> **ASSIGNMENT**
Without including any picture, repeat the records below exactly.

[Scraped caption text data]
•••

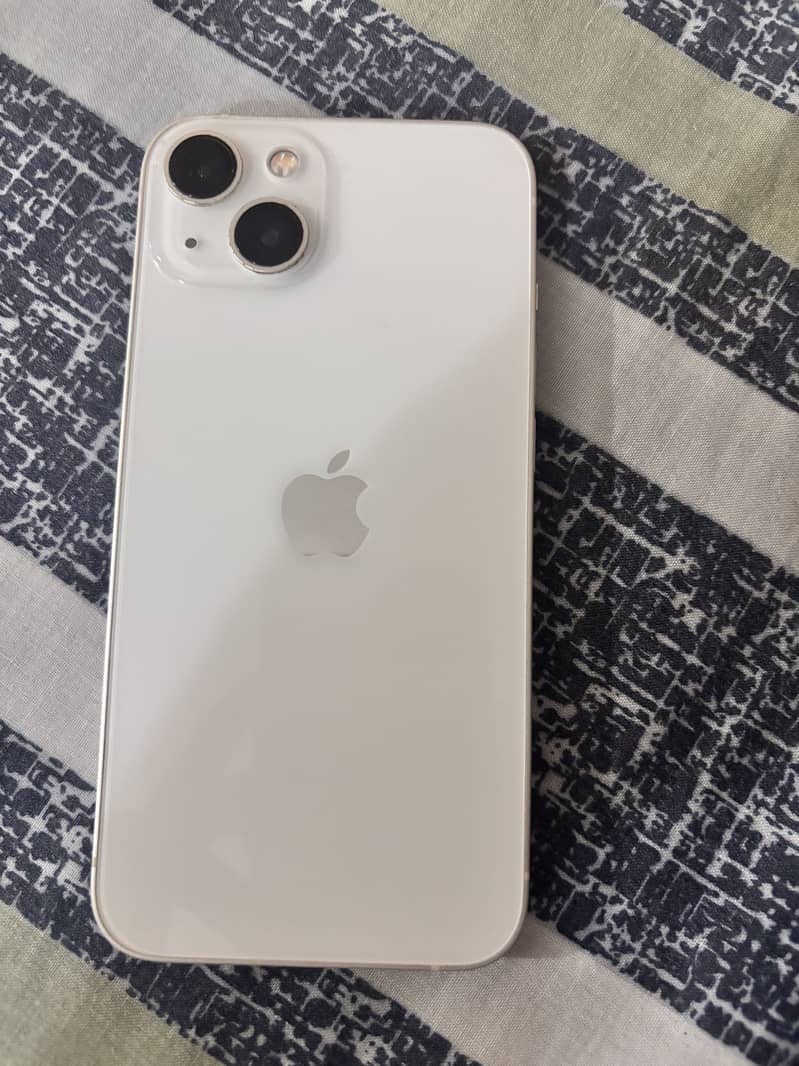 Iphone 13 1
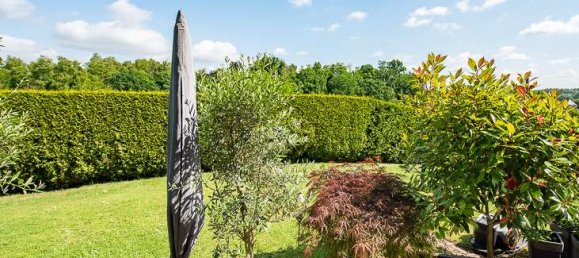 Apartamento T1 em Mulheim an der Ruhr, Germany N.º 277186 15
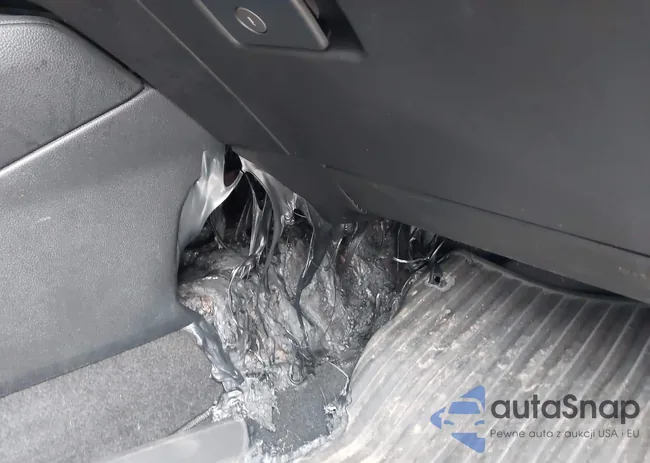 1HGCY1F30RA006550: 42317020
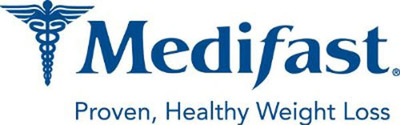 Medifast, Inc. is a leading United States manufacturer and provider of clinically proven, portion-controlled weight-loss products and programs.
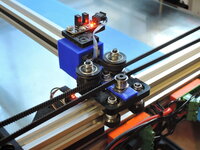 PiBot 005.JPG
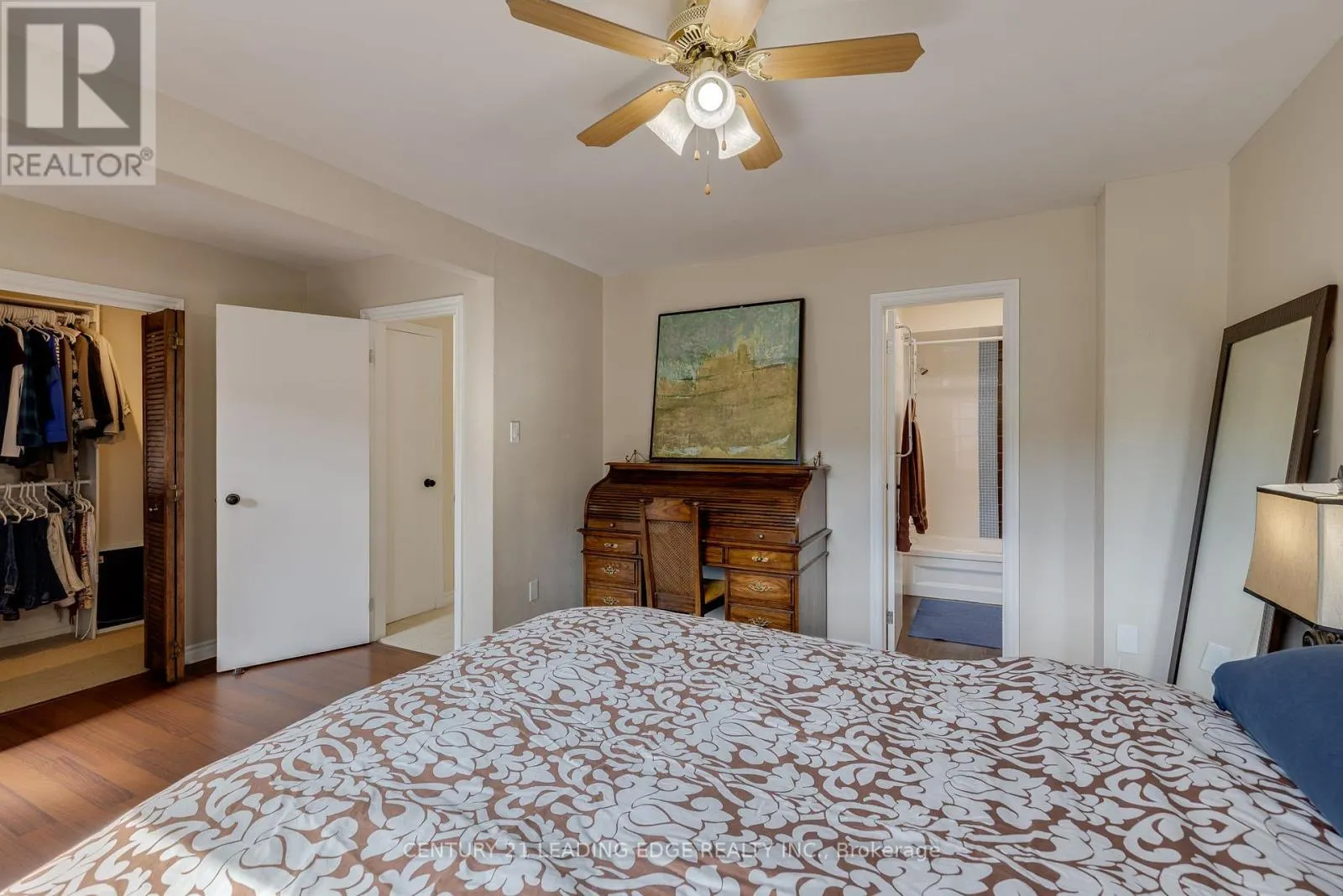 129 POPLAR CRESCENT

•••

> **TASK SOLUTION**
 Iphone 13 1
 Apartamento T1 em Mulheim an der Ruhr, Germany N.º 277186 15
 1HGCY1F30RA006550: 42317020
 Medifast, Inc. is a leading United States manufacturer and provider of clinically proven, portion-controlled weight-loss products and programs.
 PiBot 005.JPG
 129 POPLAR CRESCENT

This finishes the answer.